Новые и новые допросы. И Борисов признается, что был у… Рытовой.
— Пришел я около восьми, раздавили мы поллитровку и вскоре я удалился.
— Был у меня Борисов, — призналась и Рытова, — не сказала почему? И так обо мне слава, хуже некуда. Когда ушел, не помню, но скоро. Выпили, он и ушел.
— Но вы сказали, что он убил.
— Ах, да не так все. Когда на другой день мы встретились, о Сидоровой заговорили. А милиция уже ходила. Я и пошутила: тебя, мол, записали, что ты убил. А он: «Раз записали, значит, я». — «Как так?» — спрашиваю. «А вот так, убил, и все. Пьяный был сильно». Когда милиция пришла, я сдуру и рассказала. Потом опомнилась, да слушать не стали. А как же он убил — уж полчаса-час мы у меня точно сидели: пока селедку чистила, пока то, се…
Так развернули дело несколько «лишних» минут, не вписавшихся в цепь событий, предшествующих убийству. Нужно ли устанавливать каждый килограмм, если зав. складом воровал годы? Ну, а нужно ли устанавливать каждую минуту, коль ясна «общая картина» преступления? Как ответить? Наверное, так: если есть хоть малейшая возможность прояснить каждую деталь, этой возможностью пренебрегать преступно.
— А если нет возможности? — спрашиваю Александра Михайловича.
— Теория, может быть, и ответит, а практика — практика заходит иногда в тупик.
— И пренебрегает деталями? В конце концов, главные улики собраны, признание к тому же? И пишется обвинительное…
— И опять вы забываете, что наша работа отразится в суде.
— Допустим. Но коль скоро вы так считаете, не логичнее ли допустить адвоката на предварительное следствие? Не в порядке исключения, а возвести это в норму. Не полнее ли проявится тогда принцип состязательности? И не избегнет ли следователь многих ошибок?
— Я целиком «за». Боятся, что это усложнит нашу работу. Ну что ж, усложнит.
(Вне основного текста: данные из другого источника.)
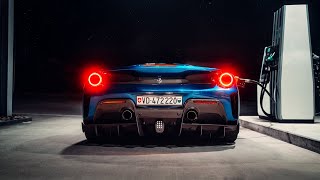 Ferrari 488 Pista  Night Vibes 4k [upl. by Ennaid]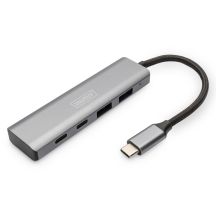 Digitus 4-Port USB-C Hub, 2 x USB A and 2 x USB-C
Но — на благо, — Александр Михайлович улыбнулся. — Только не думайте, что особенности предварительного следствия практически, подчеркиваю, практически делают обвиняемого бессильным, отдают его во власть следователя. Это заблуждение многих. Уверяю вас: от виновного не легче получить признание, чем от невиновного…
Думаю, что мой друг познакомил меня с очень хорошим следователем.
— Но, — спросит читатель, — было обещано рассказать об уникальном следователе. О таком, каких больше нет. А тут дела обычны, методы расследования не новы. В чем же уникальность? Скажу: в чисто «анкетном» моменте. В феврале 1971 года, двадцать лет спустя, от того момента, как вложили Ларину в руку шпагу Справедливости, старший следователь Калининской областной прокуратуры Александр Михайлович Ларин защитил диссертацию на соискание доктора юридических наук по теме «Проблемы расследования в советском уголовном процессе».